While there are great examples that demonstrate the power of social media, property firms and professionals have perhaps been a little slow to embrace it, however it is evident that our industry is picking up the pace. It’s certainly an area that I have begun to understand and appreciate and quite frankly it’s an area that we can no longer ignore.
Let’s look at the enormously fun and engaging distraction that is Twitter. While its real-time updates and reactionary comment can limit some of its business application, Twitter is a great platform to host material that the construction industy has in abundance such as photographs and video. Twitter also enables us to keep a close eye not only on our clients and prospective clients but our competitors, which we all know is incredibly valuable when operating in a fast-paced and increasingly competitive market.
Probably a more popular social media tool for us property professionals is LinkedIn. The growth of this business orientated social networking service is staggering with two new members joining every second and the UK network alone exceeding 15 million according to Linkedin.
Twitter also enables us to keep a close eye not only on our clients and prospective clients but our competitors ,which we all know is incredibly valuable when operating in a fast-paced and increasingly competitive market
For many of its users LinkedIn is a way of connecting – a Facebook or Friends Reunited for our modern day business community if you like, but when fully understood and applied, it can act as a powerful business tool. For instance, it can allow us to showcase our expertise and thought leadership to a large network of influential people. Even more than this, it is a great tool for demonstrating innovation within an organisation, and attracting talent by engaging with Generation Y at a time when recruiting staff is more competitive than ever. In my opinion, LinkedIn should be an essential part of the modern property professional’s business kit.
To date, my social media experience has been enormously enjoyable. I started slowly, dipping a hesitant toe into the water, but it is a journey I have found myself enjoying enormously over the last 18 months, and at times with the enthusiasm of a seven year old in a Lego store. What has made it even more exciting (and sometimes challenging) is learning how to use social media tools through my orchard of Apple products which requires help and insight to make the most of them for business.

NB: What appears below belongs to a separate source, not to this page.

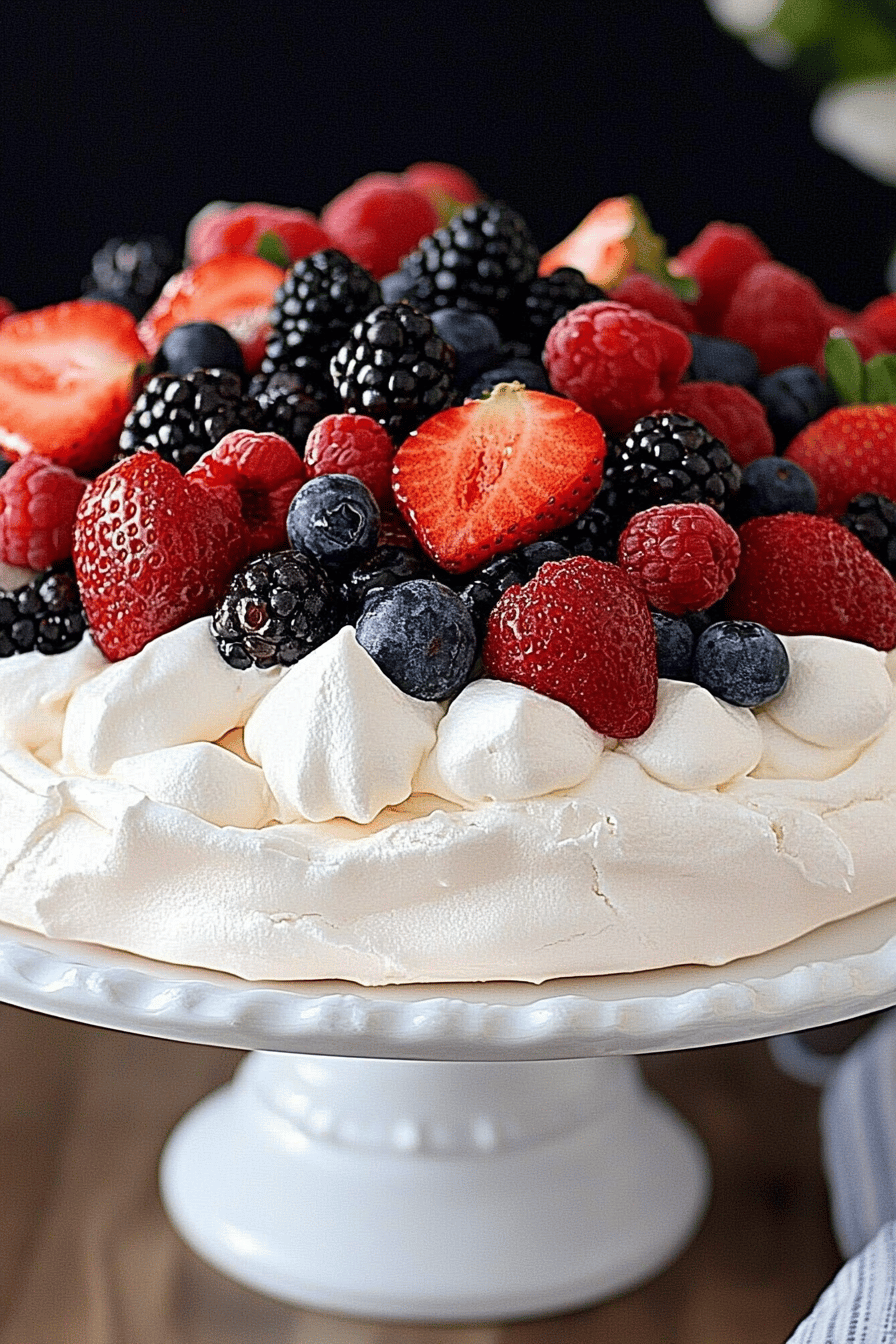 Berry Pavlova Recipe final dish beautifully presented and ready to serve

Those most prolific, creative and enthusiastic within my Buildings & Construction team are among the more junior and the most hesitant include some of the more senior members. In this arena the teacher/student profile has been reversed; but the results can be very exciting. For example this week I created a ‘Hero Image’, yet only a week ago I didn’t know what one was, nor that it would help my LinkedIn profile (I am assured) stand out from the crowd (for those who don’t know a ‘Hero Image’ is a cover photo to convey the purpose of a LinkedIn page/group).
Not all social media channels suit us all or our circumstances but we need to be aware of the business benefits of using social media tools and increasingly the choice we may be making in failing to use them.